Life lesson: if you fart while talking to a girl outside, the smell does not dissipate, it just lingers around mocking you
i really wish my pants would only unzip when im sober
I woke up, not remembering how or when or why i was even there and looked over to find Steph spooning with an adult black man.
I'm going to rise like a phoenix out of the drunken, shameful ashes that were last weekend.
Restaurants Roasting People Who Gave Them Negative Yelp Reviews (25 Pics)
"Hung over, tired and having a faint scent of some body butter and random pieces of glitter from a girl named gigi, almost arrested in drug bust, $40 Canadian in my pocket and all i got was this lousy Tshirt" shirts dont exist, but they need to
It just hit me that I woke up to you in a bear suit. Explain.
you said candy land and then passed out.
ps. we found your stash in the candyland game. Thanks.
I know it I should, but it's kinda nice. It's smells like unbridled enthusiasm and copious amounts of melt your face off sex.
NO I WOULD NOT GET A GUMMER FROM A GRANDMOTHER
Woman Posts Harassing DMs From Creep Online, Now He’s Upset Because People Told His Mom
hey fuckhead. when i said not to grow shrooms in our apartment, that didn't mean "yea, sure. grow shrooms in our apartment"
You dropped my mother on the dance floor. She has a concussion. You didn't apologize. Don't speak to me for a while.
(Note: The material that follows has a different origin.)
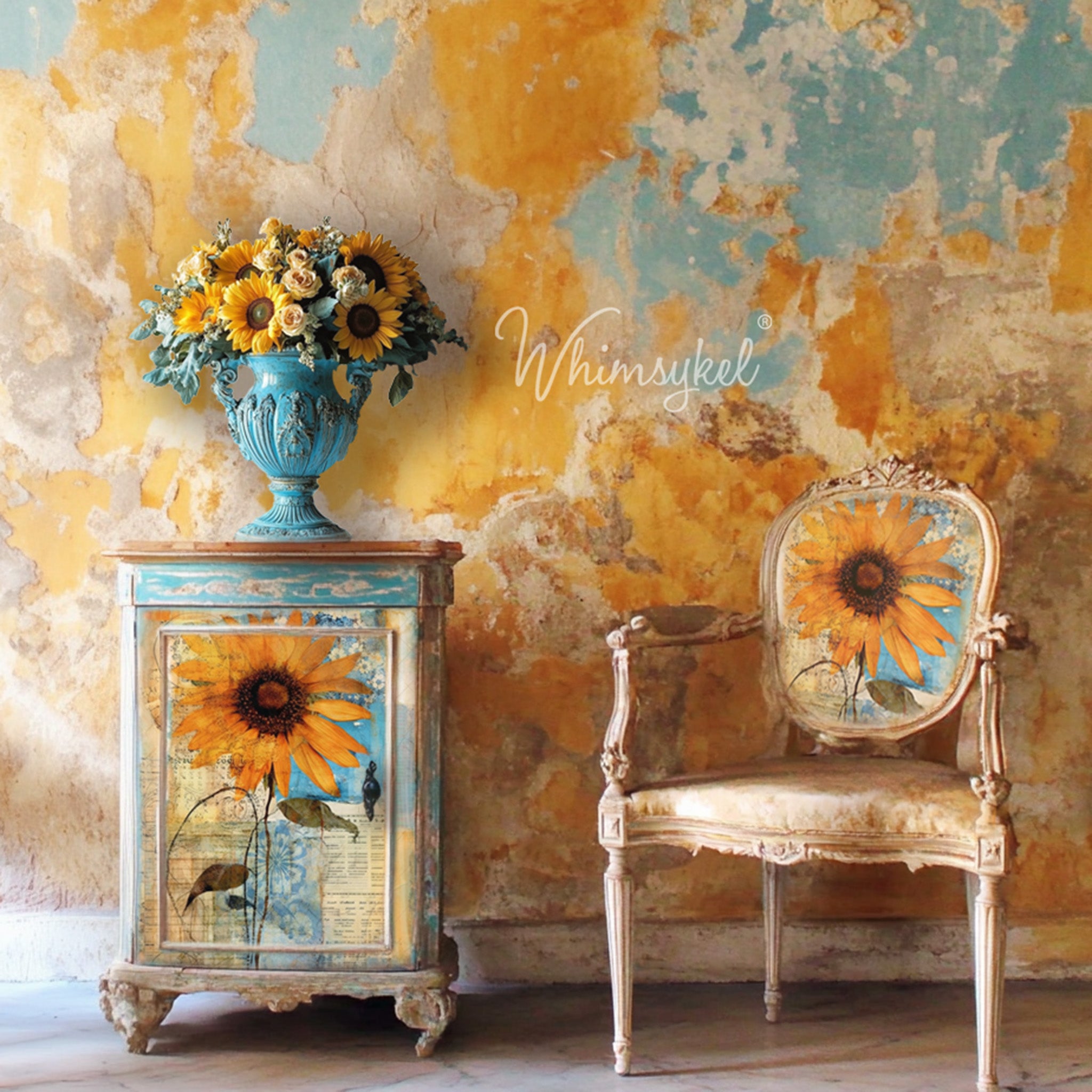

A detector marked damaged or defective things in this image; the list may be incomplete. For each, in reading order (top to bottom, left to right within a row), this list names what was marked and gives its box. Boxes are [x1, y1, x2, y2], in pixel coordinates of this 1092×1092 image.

peeling teal paint on wall [0, 0, 76, 76]
peeling teal paint on wall [246, 0, 397, 164]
pretty sure I woke up to him jacking himself off IN MY BED
Well, I crapped my pants in front of her entire family, was laughed out of their house, and I had to walk home with shit stained pants. So, yeah, it went really well.
I almost stopped mid bj to let him know I appreciated his balls being nice to look at/have my face near. But I didn't know if that would ruin, or improve the moment.
I don’t know if I’m nauseous or just disgusted with myself.